11. BÖLÜM

1.8K 109 6
                                    

İyi okumalar...

Son elbisemi de asıp dolabı kapattım. Arkamı döndüğümde yatakta uzanmış bir şekilde beni izleyen Harry'i görünce gülümseyip yanına gittim. Yatağa uzanınca beni kendine çekti ve göğsüne yatırdı. Birkaç gün önce kovulduğum dağ evinde yine beraberdik. Tek fark artık benim satılığım değildi.

"Beni yine kovmayacaksın değil mi?" Belimdeki kolunu çektiğinde ona baktım. Harika, yine aptal bir espiri yaptım ve yine yanlış anladı.

"Sadece şaka yapmıştım. Hemen alınma." Zoraki bir gülümseme verdiğinde artık çok geçti.

"Öyle yapmamalıydım. Özür dilerim Yeşil." Kurduğu cümlede en çok hangisine şaşıracağımı bilemedim. Özür dilemesine mi yoksa yeşil demesine mi? Daha anlamını bile bilmiyorum.

"Yeşilin anlamı ne?" Göğsünden kalkıp sırtımı başlığa yasladım. Bir kaç saniye sonra o da benim gibi yaptı.

"Sana söyleyemem."

"Neden? Söylersen beni öldürmek zorunda mı kalırsın?" Hadi ama! Şuana kadar yaptığım en güzel espriydi ama gülmedi bile.

"Çünkü söylersem beni bırakırsın." Bırakmak mı? Sırf bir rengin anlamını öğrendim diye neden onu bırakmak isteyeyim ki? Bu çok saçma.

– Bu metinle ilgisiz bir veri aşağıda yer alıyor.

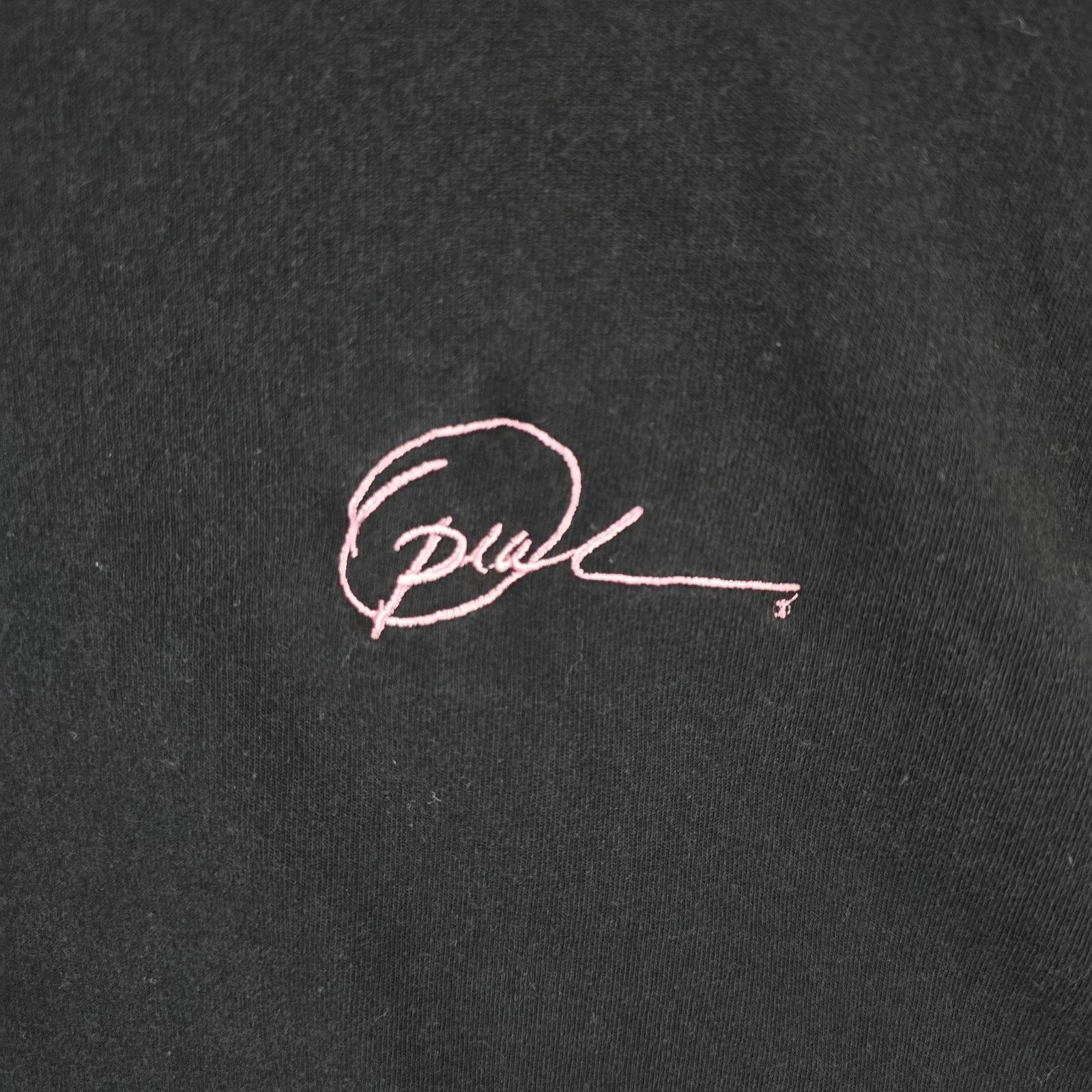 Gear for Sports Vintage The Oprah Winfrey Show Shirt Mens Medium Black 90s Size US M / EU 48-50 / 2 - 3 Thumbnail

"Bana aileni anlat." Konuyu birden değiştirdi ve gözlerini benden çekip karşıya dikti.

"Anlatacak pek birşey yok. İkiside alkolik ve eğlenceye düşkündü."

"Şanslısın ki bir ailen vardı."

"Aile mi? Her gece eve geç gelirlerdi. Kaç gece onların kusmuklarını temizledim biliyor musun? Biz aile değildik. Ben onların hizmetçileriydim. Sabah kalkar kahvaltı hazırlar, evi toplar ve okula giderdim. Tüm bunlar yetmiyormuş gibi bir de sabaha kadar evde annemin yalvarışlarını dinlerdim." Konuşmayıp bana bakması sinirimi bozmaya başladı. Eminim ki ne zavallı kız diye üzülüyordur. Birilerinin benim için üzülmesinden nefret ederim.

"Hiç mi onları özlemiyorsun?" Boğuk sesi ile ona baktım.

"Hayır. Neden özleyeyim ki? Kusmuksuz hayatım daha güzel. Peki ya senin ailen? Onlar nasıldı?" Birden odaya ölüm sessizliği çöktü. Resmen kendi nefesim dışında hiçbir şey duymuyorum. Onun nefesi bile kesildi. Basit bir soruydu ama o yine ciddiye aldı. Cevap vermeyince yavaşça yerimden kalkıp kapıya yöneldim.

"Nereye?"

"Sadece biraz dolaşacağım. Merdivenlerden inip dışarı çıktım. Hava kararmaya başlasa da umursamadan ağaçlıklara doğru koşmaya başladım.

Her adımımda annemin yalvarışları beynimde dönüyordu. Vurma diye bağırışları. Bir süre sonra o kadar hızlanmıştım ki sadece kalp seslerimi duyuyordum. Aniden önüme çıkan araba ile son anda durdum. İçinden genç yaşlarda bir adam çıktı.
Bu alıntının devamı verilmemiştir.